Was this a matter of passing the buck for saving the world from the Father to the Son, and then from the Son to the Holy Spirit? Not at all. To think so would be a function of our tendency to compartmentalize things and to view each thing as distinct and capable of analysis outside the context of where we found them. In effect, the Holy Trinity functions as a whole. Each person is connected to, and even present in, the other.

Francis of Assisi had three favourite feasts: Christmas that reminded him of the Father’s love for us; the Easter triduum that reminded him of the Son’s love for us and Pentecost that reminded him of the Spirit of Love that dwells within us.

Each person of the Holy Trinity merits our full attention. We must view it as constantly whole, as a triangle of love, each person being inseparable from the others. The Holy Trinity forms a dynamic whole, a field of energy in which the energy is Love.
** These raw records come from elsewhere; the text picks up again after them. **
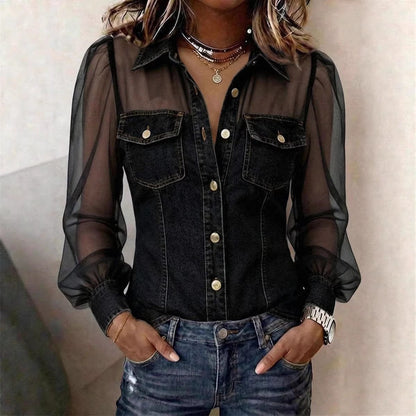 ELODIE | BLUSA ELEGANTE CON EFECTO DENIM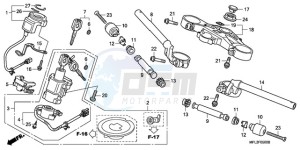 CBR1000RAA France - (F / ABS CMF HRC) drawing HANDLE PIPE/TOP BRIDGE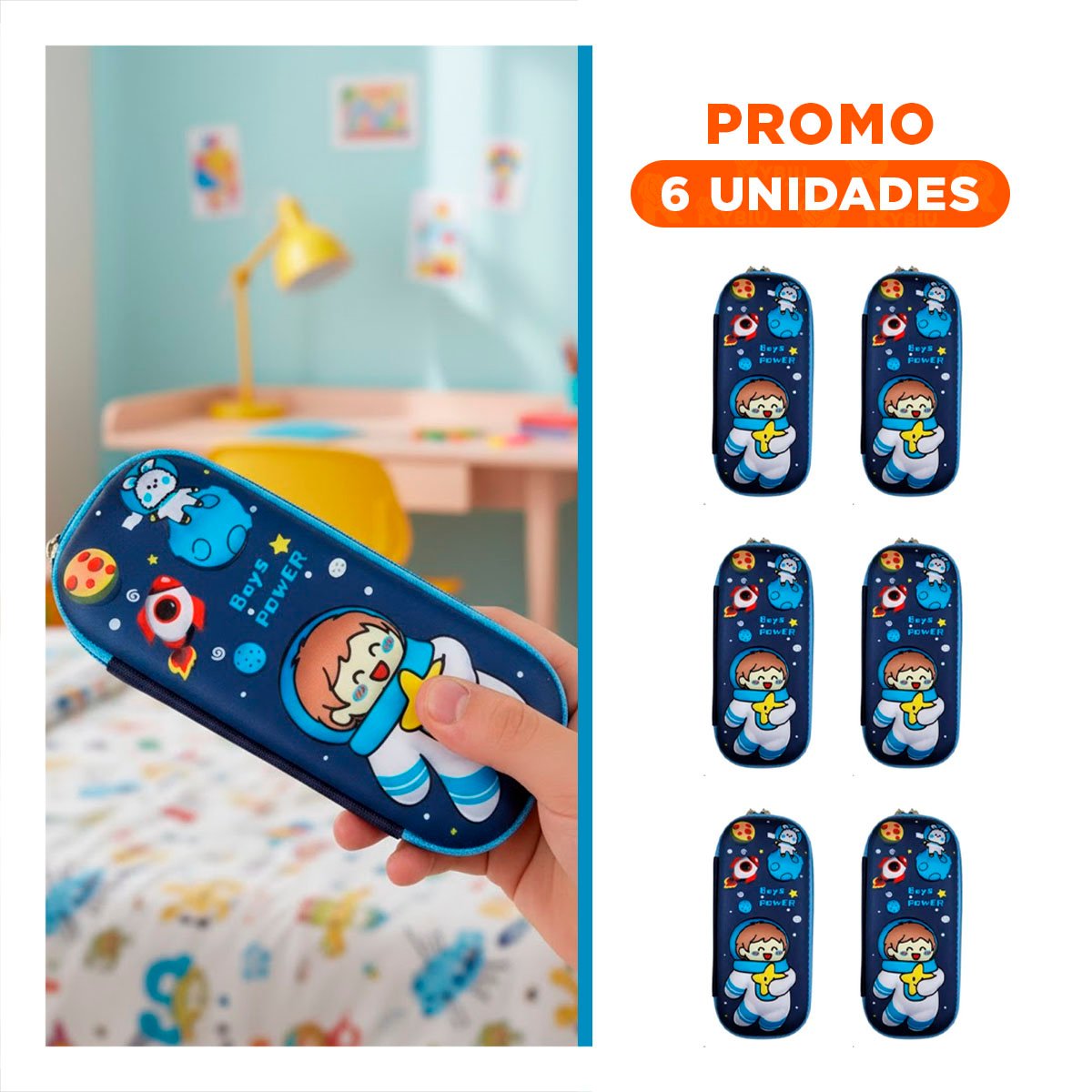 PACK6 ACCESORIO MODERNO ASTRONAUTA FELIZ AZUL ALTO RELIEVE CON ESTILO ATRACTIVO - 1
The Love that animates the Holy Trinity is so strong that it is a creative force, overflowing its energy, first into the act of Creation, and now continuing to give life to Creation.

So, when we separate ourselves from that energy through sin or disbelief, we are dead because love is life and God’s is the true love that is life-giving.

We know that God loves us–a love so great that he gave his most precious gift so we could enjoy the fruits of that love. We confess that he sent his only Son so that we might not be condemned but might live in the fullness of his own Holy Spirit.

To know this is one thing. To believe it in our heart is quite another and to make it a daily reality is yet another. Once we are seized with this awesome reality, we are changed radically. Our attention then becomes fixed on the greatest of all gifts, given gratuitously and undeservedly. Our gratitude explodes when we recognize what steps have been taken so that we might enjoy the fruits of eternal life.

To know that God so loved the world that he sent his only Son so that we might have peace and joy, that we might not be afraid but rather live to the full potential of our giftedness and to be nourished with abundant grace transforms us into people who have eyes only for goodness and ears only for truth; into people who have a heart only for loving and arms only for helping others.

God’s love triangle is a massive creative energy that shares life. It also demands a response. Filled with that life, in union with the author and source of love, we too become creative and life-giving. It can even be said that we too form a trinity – God, me and others – reflecting the Holy Trinity.

God, me and others: together, we form trinities that lead us to eternal life: a trinity of love(Jesus instructed us to love one another as he loved us – Jn 15:12); a trinity of forgiveness (He told us to ask the Father to forgive us our trespasses as we forgive those who trespasses against us – Lk 11:4); a trinity of hope (Saint Francis’s great prayer of peace asks the Lord to let us sow hope where there is despair); a trinity of light (Jesus reminds us that a light is not to be hidden under a bushel basket but is to serve as the light for others – Mt 5:14-16); and a trinity of peace (Blessed are the peacemakers, for they shall be called children of God. – Mt 5:9).

Indeed, God the Father so-o-o-o-o loves you that he gave his only Son, and they send their Holy Spirit each day that you might have abundant life.